Losing it 1
Thousands in Fallouja Flee; Council Totters
A cease-fire in the city crumbles after less than two hours. Five more U.S. troops die in Iraq in the coalition's deadliest week since Hussein's ouster.
By Tony Perry and Nicholas Riccardi
Times Staff Writers
April 10, 2004
FALLOUJA, Iraq — A cease-fire between U.S. Marines and insurgents collapsed less than two hours after it took effect Friday as tens of thousands of women and children fled this besieged city and occupation officials scrambled to stave off a revolt from their handpicked Governing Council.
On the anniversary of the fall of Saddam Hussein's regime, authorities reported that five more U.S. troops had been killed in the last two days, bringing to 49 the number of American deaths since Sunday.
As the deadliest week for U.S. troops since Hussein's ouster neared its end, Marines launched a major ground offensive this morning in Fallouja, bolstered by a third battalion that boosted troop strength from 2,500 to 3,750.
Iraqi insurgents said they had taken six more hostages — two Americans and four Italians — a day after militants showed footage of three Japanese captives whom they threatened to burn unless Tokyo withdrew its troops, which are noncombat.
By most accounts, the Iraqi dead numbered in the hundreds.

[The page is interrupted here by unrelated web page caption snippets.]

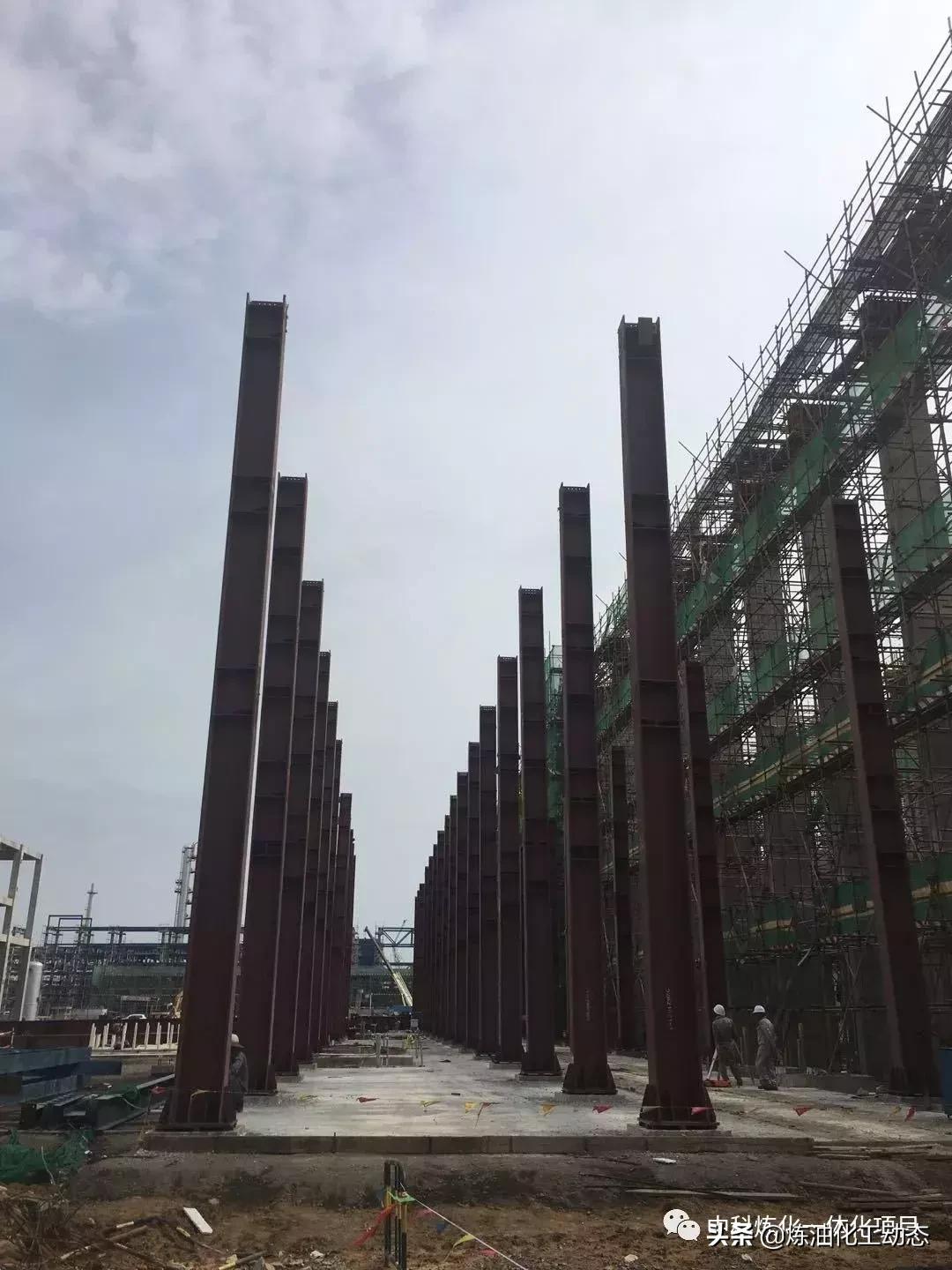 中科项目现场形象照片190528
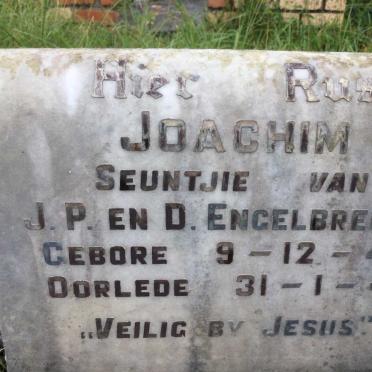 ENGELBRECHT Joachim 1940-1941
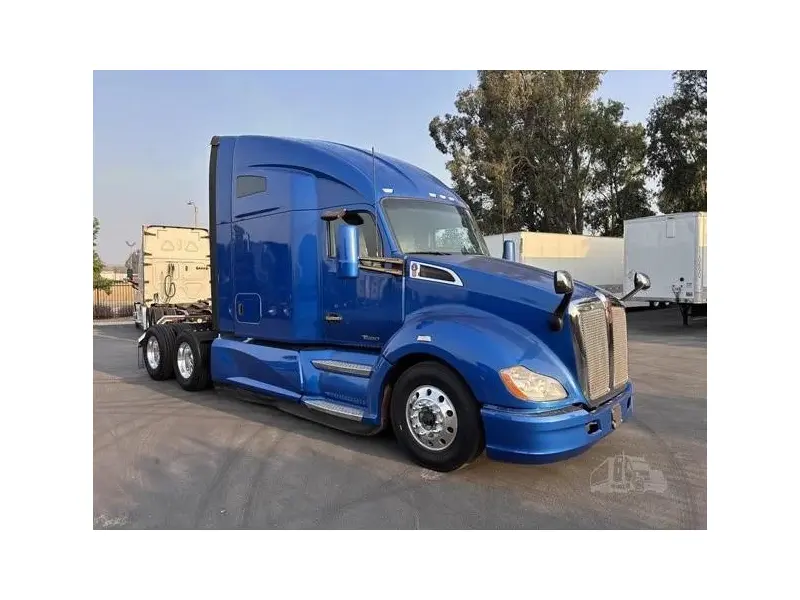 2021 KENWORTH T680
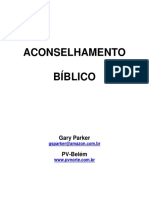 Aconselhamento é responsabilidade de toda igreja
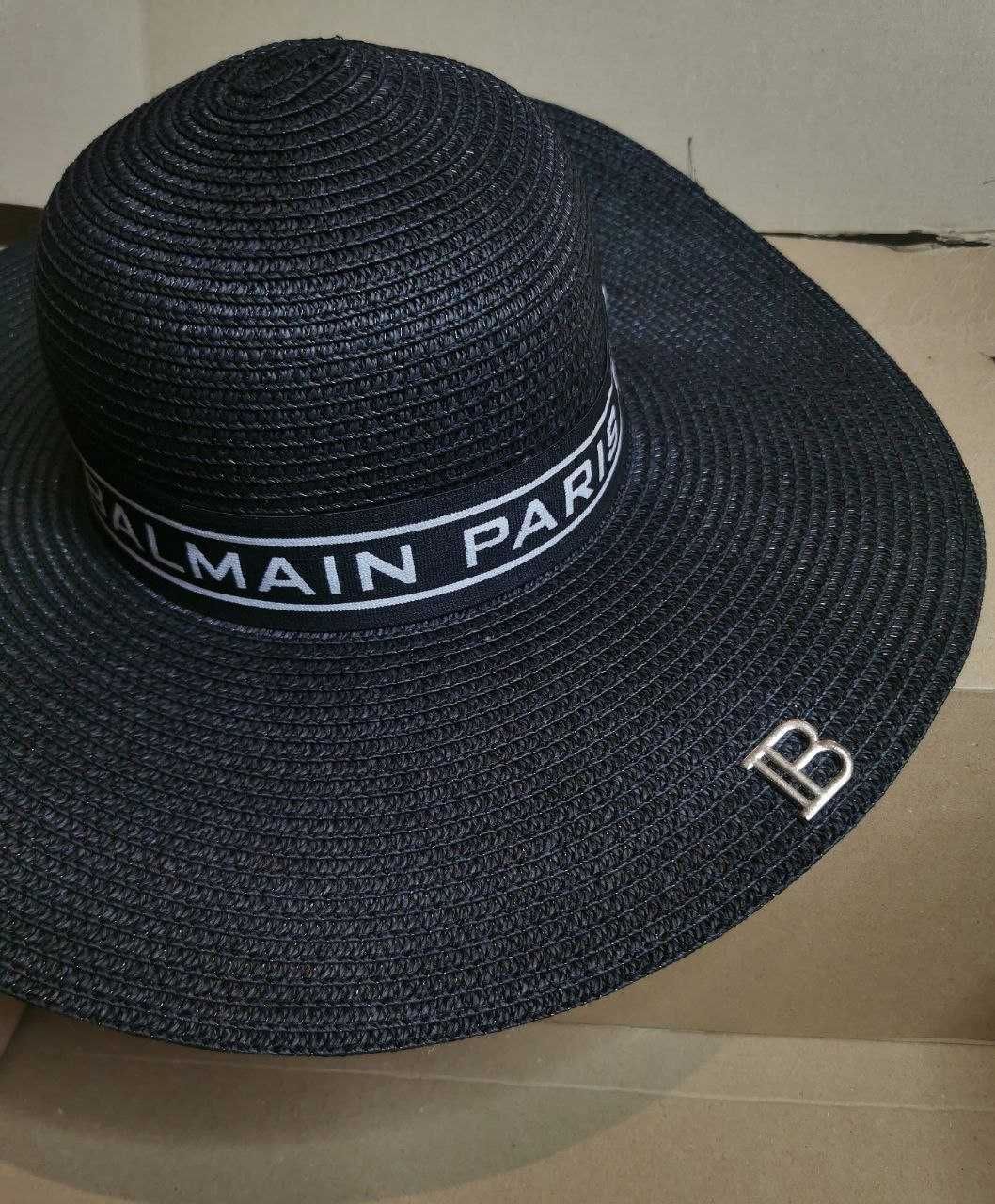 Шапка Balmain hat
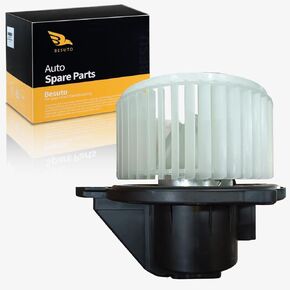HVAC Heater Blower Motor Compatible with RAM/Jeep Vehicles, Ram 1500 2500 3500 4500 5500 (2002-2010), Grand Cherokee (2002-2004), Replaces PM9198 PM3905 PM3788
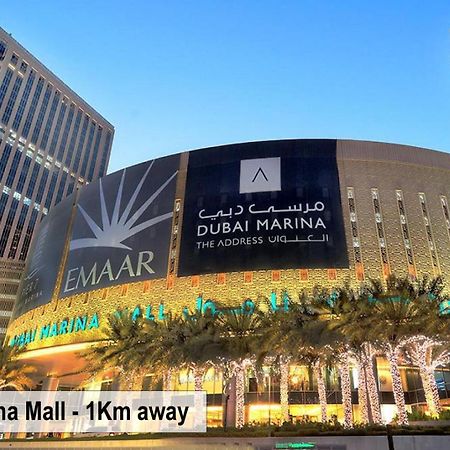 Luxury Escapes - Studio In Jlt X1 Tower Close To Metro Dubai Exterior photo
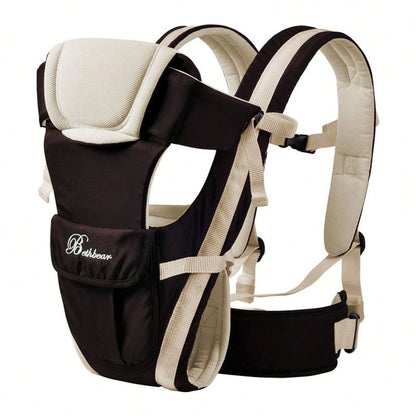 4-in-1 Ergonomic Baby Carrier - infant2eleven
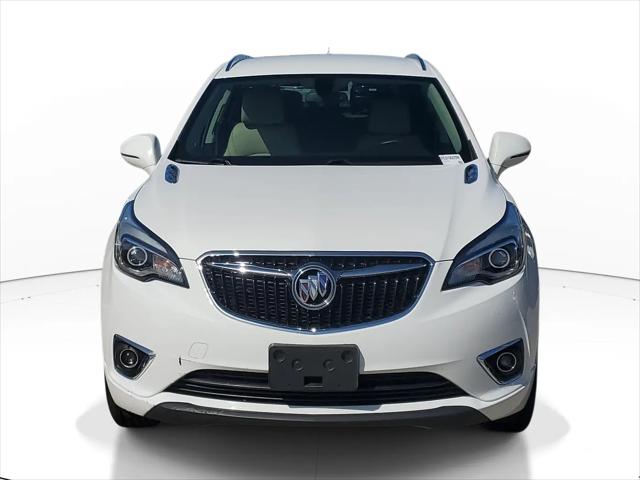 2020 Buick Envision AWD Essence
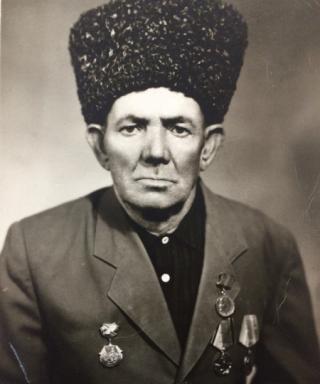 Рамазанов Рамазан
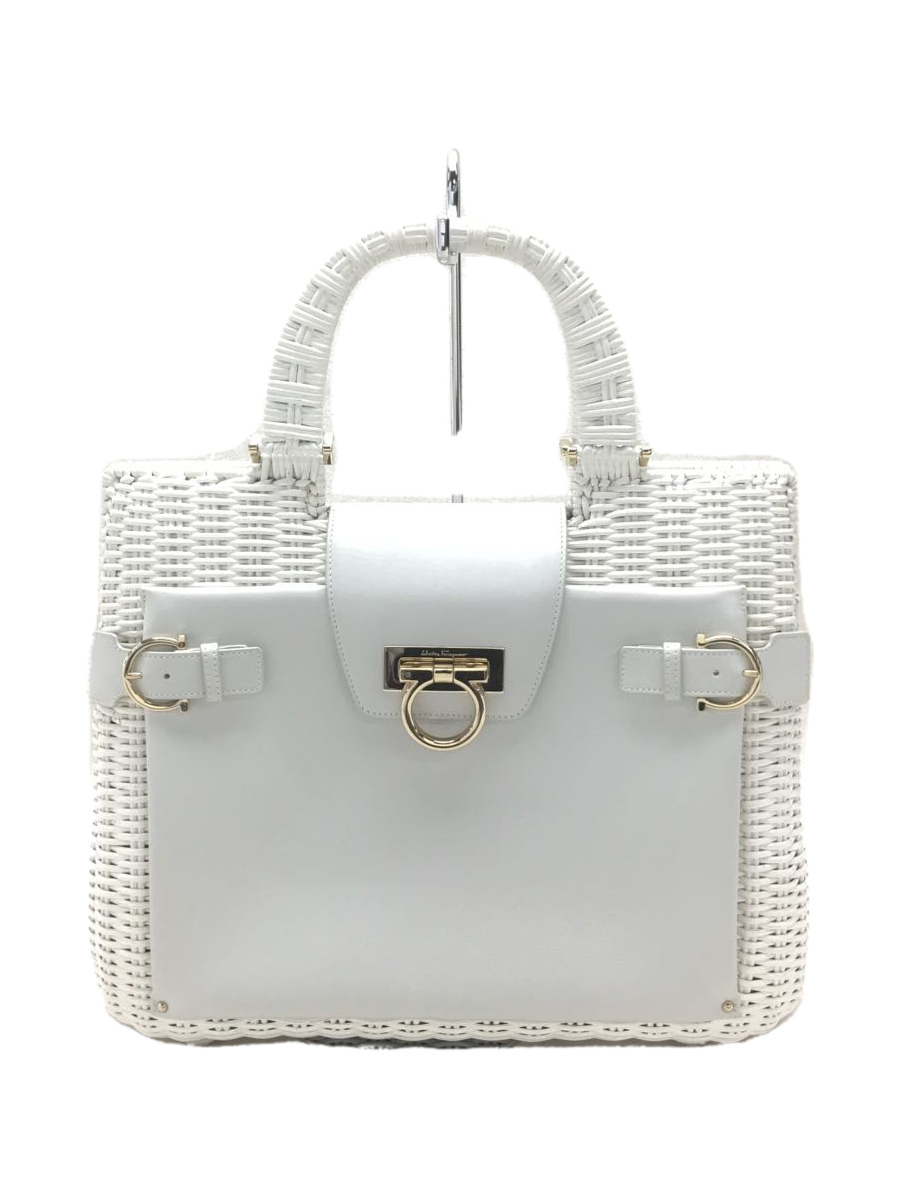 Salvatore Ferragamo◇カンチーニバッグ | hospitaldeyumbo.gov.co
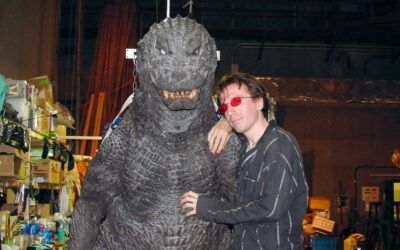 Norman England, “el mayor experto no japonés” en Godzilla, participará en Santa Cruz Cómic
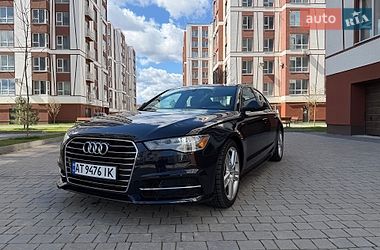 Седан Audi A6 2017 в Івано-Франківську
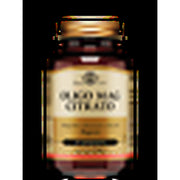 Solgar Oligo Mag Citrate 60 Tablets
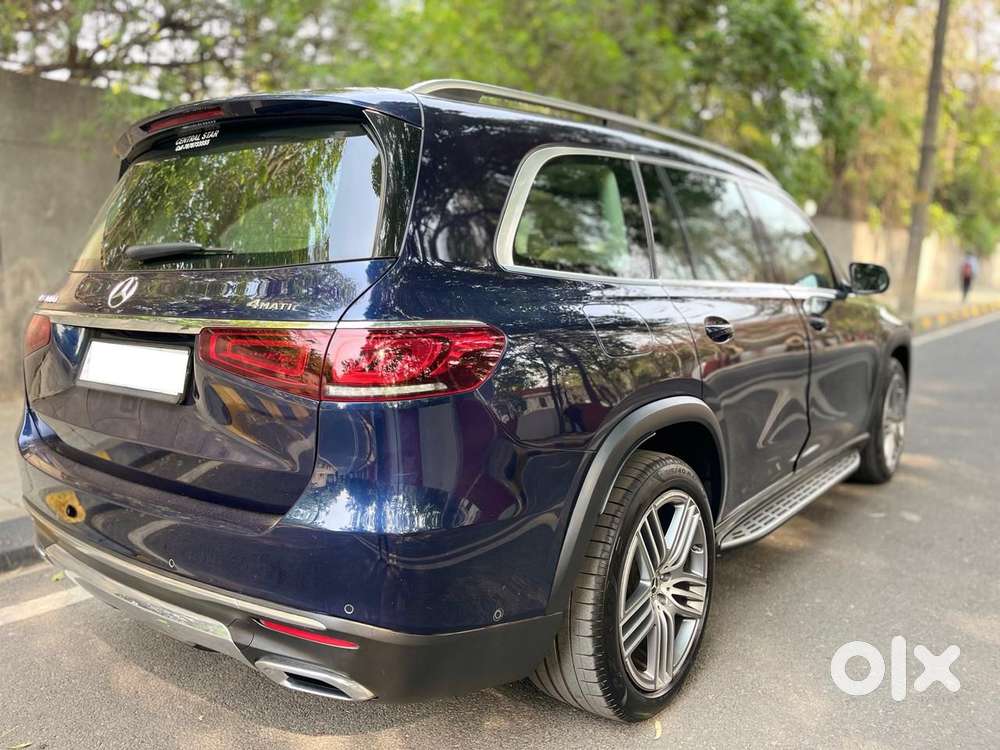 Mercedes-benz Gls 400d 4matic, 2021, Diesel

In Fallouja, residents took advantage of a lull in the fighting to bury dozens of their dead in makeshift graves in the city's soccer stadium. As today's offensive began, at least 18 more were killed.
A week of intense clashes between coalition troops and a variety of Sunni and Shiite Muslim fighters triggered concern that the coalition had lost control of the country.
"The lid of the pressure cooker has come off," British Foreign Secretary Jack Straw told BBC Radio. "There is no doubt that the current situation is very serious and it is the most serious that we have faced.
"It is plainly the fact today that there are larger numbers of people, and they are people on the ground, Iraqis, not foreign fighters, who are engaged in this insurgency," Straw said.